As part of the home office’s new-found humanitarian spirit, it will now waive citizenship fees for the Windrush generation and their families and any charges for returning to the UK for those who had retired to their countries of origin after making their lives here - it will also scrap the ridiculous language and British knowledge tests. In theory, though we wait to see, the free citizenship offer will apply not just to Windrush families, but anyone from other Commonwealth states who settled in the UK over the same period - just as a growing number of cases of home office mistreatment of non-Caribbean Commonwealth-born citizens are beginning to emerge, involving individuals from India, Kenya, Cyprus and Canada.3

In terms of the Windrush generation, it is quite a spectacle to see people that Enoch Powell specifically targeted as a mortal threat to the nation - who if allowed to stay would unleash “rivers of blood” - now praised as a national treasure. Can we hear someone turning in their grave?

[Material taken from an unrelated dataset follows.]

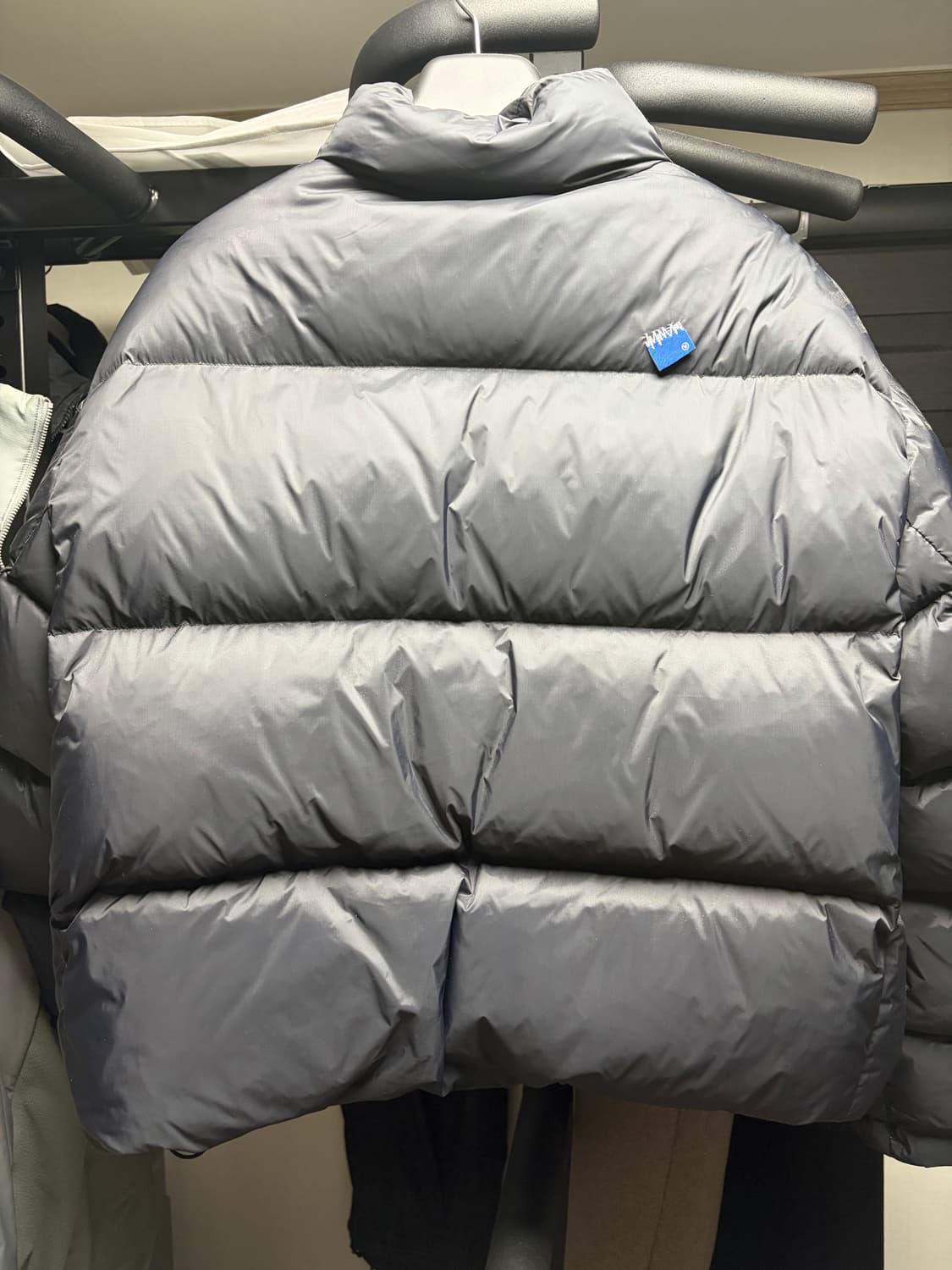 아더에러 패딩 M 상품이미지3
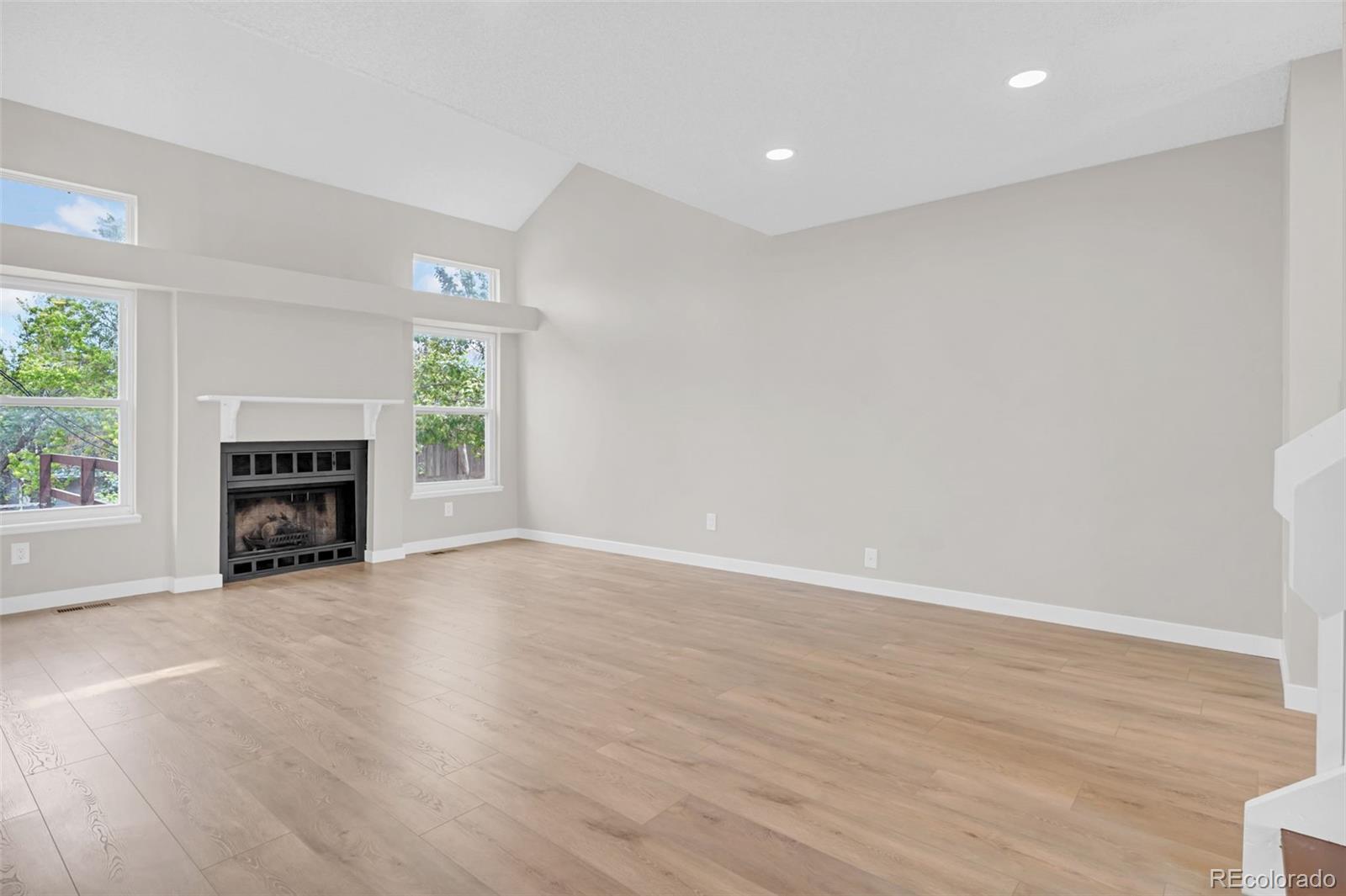 3718 S Espana Way Unit: 5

The Windrush scandal should also make us think about what life is like for the present generation of migrants. Can they or their children go back for a funeral or wedding in Brazil, Nigeria, Syria or Turkey - then return to the UK without facing an impossible hassle from immigration officials? Or will they be barred or detained? Meanwhile, those who are here live a precarious life, are forced into the worst-paid section of the working class and into the hands of criminal and semi-criminal elements.

Communists aim for the assimilation of migrants into British society - inevitably a two-way process of change. Communists also want to see free movement and the abolition of anti-migrant laws. Anyone who has been resident in the country for six months ought to have the right to take up citizenship.

Notes

1. www.theguardian.com/politics/2013/oct/22/go-home-billboards-pulled.

2. www.theguardian.com/uk-news/2018/apr/19/theresa-may-was-not-opposed-to-go-home-vans-official-accounts-suggest.

3. www.theguardian.com/uk-news/2018/apr/25/immigration-scandal-expected-to-spread-beyond-windrush-group.